I’ve been listening to Dowland in Dublin, Michael Slattery’s collaboration with La Nef, for a few years now. I was lucky that someone brought it to my attention. Since that time it’s been a regular feature on the CD player in my car.
While playing it for a friend the other day, there was a wonderful moment of recognition.
I had been trying to put my finger on the quality in Slattery’s voice, as he sings ”Come Again”.
Come again! sweet love doth now invite
Thy graces that refrain
To do me due delight,
To see, to hear, to touch, to kiss, to die,
With thee again in sweetest sympathy.
The youtube clip–unlike the CD– is a live performance, please note. Slattery makes lovely sounds, using his voice in the usual ways throughout.
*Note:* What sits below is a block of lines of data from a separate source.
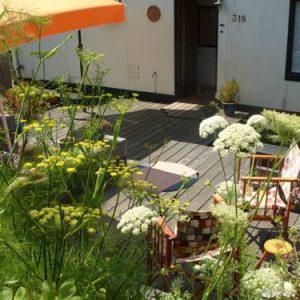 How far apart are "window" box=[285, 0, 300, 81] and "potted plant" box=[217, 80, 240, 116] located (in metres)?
1.10

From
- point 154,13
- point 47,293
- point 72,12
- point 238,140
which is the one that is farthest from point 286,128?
point 154,13

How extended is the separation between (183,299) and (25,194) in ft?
3.50

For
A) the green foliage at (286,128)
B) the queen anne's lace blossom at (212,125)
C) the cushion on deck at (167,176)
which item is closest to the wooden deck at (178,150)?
the cushion on deck at (167,176)

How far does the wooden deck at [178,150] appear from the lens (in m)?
5.91

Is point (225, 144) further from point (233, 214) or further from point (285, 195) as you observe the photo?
point (285, 195)

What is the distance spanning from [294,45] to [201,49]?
274 centimetres

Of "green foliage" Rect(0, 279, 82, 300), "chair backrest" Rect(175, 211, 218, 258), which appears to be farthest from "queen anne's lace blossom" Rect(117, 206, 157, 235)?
"chair backrest" Rect(175, 211, 218, 258)

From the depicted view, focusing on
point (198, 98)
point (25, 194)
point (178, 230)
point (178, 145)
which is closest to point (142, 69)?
point (198, 98)

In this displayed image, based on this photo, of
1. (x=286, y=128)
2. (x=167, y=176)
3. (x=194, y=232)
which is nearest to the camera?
(x=286, y=128)

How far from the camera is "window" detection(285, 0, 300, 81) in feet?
30.8

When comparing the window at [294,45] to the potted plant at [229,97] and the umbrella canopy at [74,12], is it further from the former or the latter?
the umbrella canopy at [74,12]

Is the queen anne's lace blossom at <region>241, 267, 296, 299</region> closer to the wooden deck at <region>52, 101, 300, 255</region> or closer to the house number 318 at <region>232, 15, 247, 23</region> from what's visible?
the wooden deck at <region>52, 101, 300, 255</region>

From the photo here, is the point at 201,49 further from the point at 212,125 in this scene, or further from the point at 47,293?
the point at 47,293

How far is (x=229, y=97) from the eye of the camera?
9.98 m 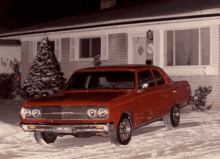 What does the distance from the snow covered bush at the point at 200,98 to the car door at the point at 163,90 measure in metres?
5.95

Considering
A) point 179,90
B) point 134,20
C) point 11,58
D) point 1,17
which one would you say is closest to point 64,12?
point 1,17

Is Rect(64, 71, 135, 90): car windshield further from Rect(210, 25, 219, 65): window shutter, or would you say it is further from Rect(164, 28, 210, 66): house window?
Rect(164, 28, 210, 66): house window

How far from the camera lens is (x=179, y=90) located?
1186cm

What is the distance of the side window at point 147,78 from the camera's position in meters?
9.92

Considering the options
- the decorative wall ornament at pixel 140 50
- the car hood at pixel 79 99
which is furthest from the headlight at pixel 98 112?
the decorative wall ornament at pixel 140 50

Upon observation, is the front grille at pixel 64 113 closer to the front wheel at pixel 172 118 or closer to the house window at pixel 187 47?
the front wheel at pixel 172 118

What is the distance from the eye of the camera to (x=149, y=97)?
990 cm

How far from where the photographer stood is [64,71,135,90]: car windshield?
9.62 m

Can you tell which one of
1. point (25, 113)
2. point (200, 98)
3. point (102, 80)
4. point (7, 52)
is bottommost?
point (200, 98)

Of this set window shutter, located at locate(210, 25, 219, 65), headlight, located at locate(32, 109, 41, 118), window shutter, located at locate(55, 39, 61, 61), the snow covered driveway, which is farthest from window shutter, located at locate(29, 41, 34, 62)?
headlight, located at locate(32, 109, 41, 118)

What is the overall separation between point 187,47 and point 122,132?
1033cm

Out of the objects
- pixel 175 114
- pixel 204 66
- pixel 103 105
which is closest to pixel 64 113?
pixel 103 105

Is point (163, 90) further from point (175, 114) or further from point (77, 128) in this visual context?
point (77, 128)

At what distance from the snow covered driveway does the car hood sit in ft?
3.05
But Slattery sounds different on the CD Dowland in Dublin. At first listen it might sound like a bad thing..!? It’s unconventional and daring. I was observing that as Slattery sang the phrase “to die” he sounds totally vulnerable, reminding us of the two meanings of the word “die”: both mortality and consummation. He sounds as though he is dying in every sense, abandoning himself to the note not like an opera singer but sounding for all the world, like a boy, like a vulnerable human, unmanned by his orgasmic passion. It’s wonderfully expressive.
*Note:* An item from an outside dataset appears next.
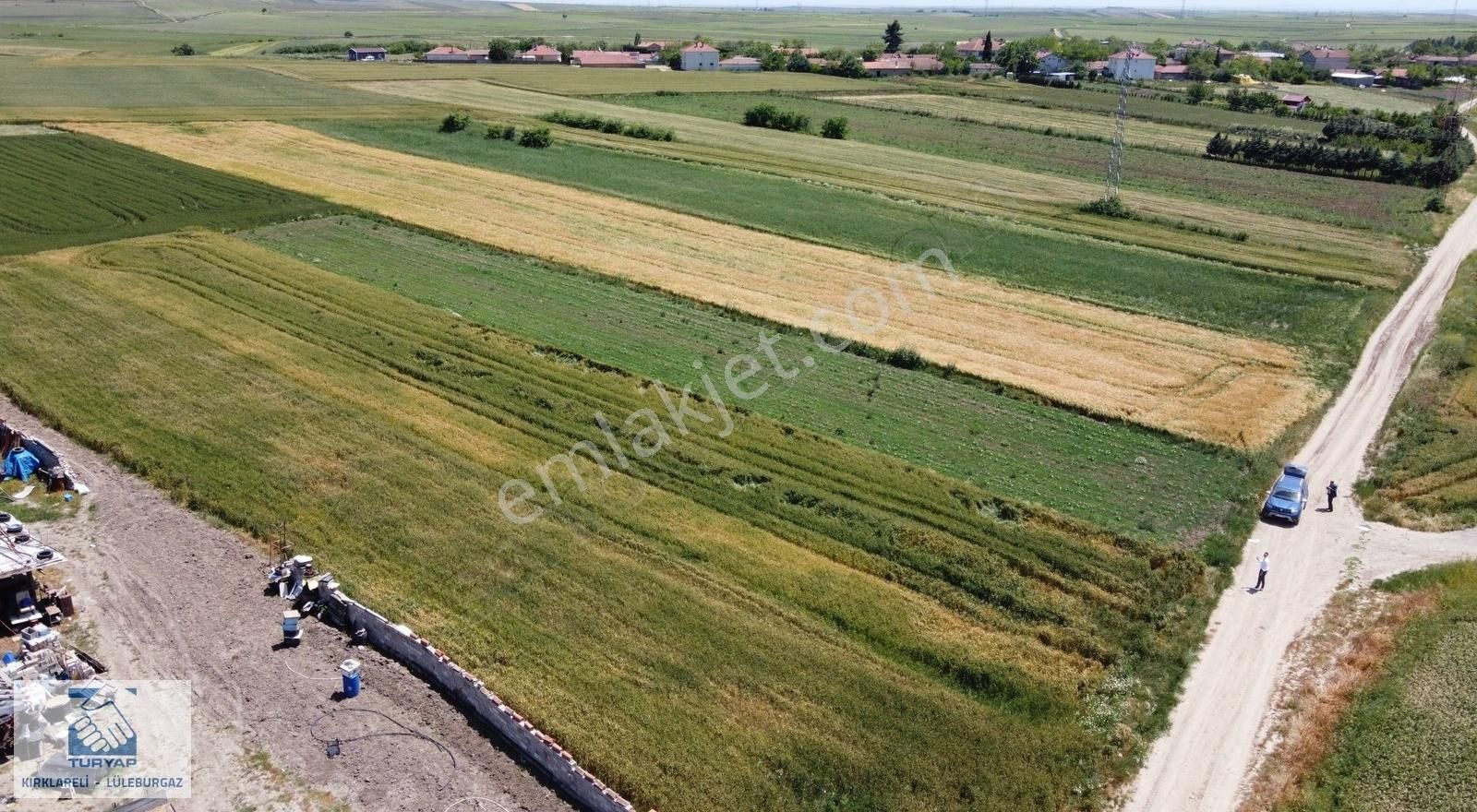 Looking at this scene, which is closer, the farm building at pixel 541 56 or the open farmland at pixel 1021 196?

In fact the sound –the one on the recording that is– is falsetto. My friend pointed this out, invoking our mutual vocal authority, Carol Baggott-Forte. When you’re learning with Carol she uses the techniques of Cornelius Reid, who wrote –among other books—The Free Voice. There’s a falsetto sound you’re encouraged to make, isolating one of the two registers. It’s not a sophisticated sound, oh no. In fact it’s a sound unlike that of professional singers, a very strange sound for a singer. This is not the sound in the youtube clip –where he’s singing full voice, in a live performance—but on the CD, we get a different sound. Slattery has the nerve to use this odd sound, a wonderfully brave & expressive approach at the perfect time.
Slattery is a very skilful performer, employing several different sounds, combining his registers cleverly. I’m looking forward to hearing him live for the first time Friday at the first of two concerts by Slattery & La Nef with the Toronto Consort at Trinity St Paul’s Centre.